Pendegast & Stoney, for Respondents.
Silvey's will could not operate to deprive his widow of her half of the community property without her consent. So far, and only so far, do the authorities go. But thequestion of the effect and operation of a will is distinct from the question of the intention of a testator, who may, in plain and unmistakable language, undertake to devise property not subject to his testamentary disposition.
It was evidently the testator's intention to give his wife a life estate in all the property, instead of an estate of inheritance in half of it. The will must be read in the light of surrounding circumstances. His words must be taken to mean just what a person in his condition, at the same time and place, and under the same conditions, would naturally use them to express. He spoke the language of a living man. He spoke of all his property, and meant all the property which he had been managing and controlling, and over which he had the absolute power of disposition. (Hit. Dig. 3571.)

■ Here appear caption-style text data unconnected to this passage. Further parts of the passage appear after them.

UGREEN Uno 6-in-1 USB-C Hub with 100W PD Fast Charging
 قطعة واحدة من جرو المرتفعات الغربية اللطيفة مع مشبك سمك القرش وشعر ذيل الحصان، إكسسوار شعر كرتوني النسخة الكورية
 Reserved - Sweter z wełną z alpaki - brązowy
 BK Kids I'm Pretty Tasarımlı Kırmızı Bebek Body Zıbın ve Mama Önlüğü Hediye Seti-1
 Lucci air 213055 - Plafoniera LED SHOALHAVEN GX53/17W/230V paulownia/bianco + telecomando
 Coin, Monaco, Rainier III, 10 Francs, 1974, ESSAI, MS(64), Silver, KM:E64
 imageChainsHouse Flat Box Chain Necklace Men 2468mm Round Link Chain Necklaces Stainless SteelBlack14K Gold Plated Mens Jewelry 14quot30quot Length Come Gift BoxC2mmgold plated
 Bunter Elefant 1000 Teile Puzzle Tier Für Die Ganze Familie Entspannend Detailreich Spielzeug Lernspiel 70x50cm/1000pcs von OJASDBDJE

It is not reasonable to suppose that Silvey, having eight children, would leave one half of his property to his wife absolutely, and give her the other half during her natural life.
JUDGES: Wallace, J.
The entire estate was community property. Silvey left a widow (since his death become the wife of Riddle) and eight children. His will (so far as is claimed to be pertinent to the question here) was as follows:
" Item First--I will that out of my estate all my just debts be paid.
" Item Second--I will and bequeath the entire residue of my property to my dearly beloved wife, Susan, to be held, used, and enjoyed by her during her natural life, and after her death to be equally divided between * * * our children."
Upon the death of Silvey, one half of the estate vested in his surviving wife, and the will is conceded to be inoperative as to that moiety. The Court below seems, however, to have been of opinion that the surviving wife could not be permitted to claim her moiety as survivor, under the statute, and, at the same time, claim an estate for life in the other moiety under the devise of the husband, and she was accordingly decreed to elect whether she would take one moiety in fee, and no more of the estate, or would take the entire estate for life, with remainder over to the children at her death.
It is said, in support of this decree, that though it be true that the devise must in law be confined in its operation to one moiety only, it was, nevertheless, the intention of the testator to dispose, by will, of the whole estate--that he intended to devise to the children an estate in remainder in the wife's statutory moiety at the same time that he purposed to vest her with an estate for life in the other moiety, which, but for the will, would have gone to the children as heirs at law of her father; and it is urged, that if the wife insist upon her right under the statute, she must be considered as thereby repudiating the will, and cannot be permitted to claim the benefit of its provisions in her favor.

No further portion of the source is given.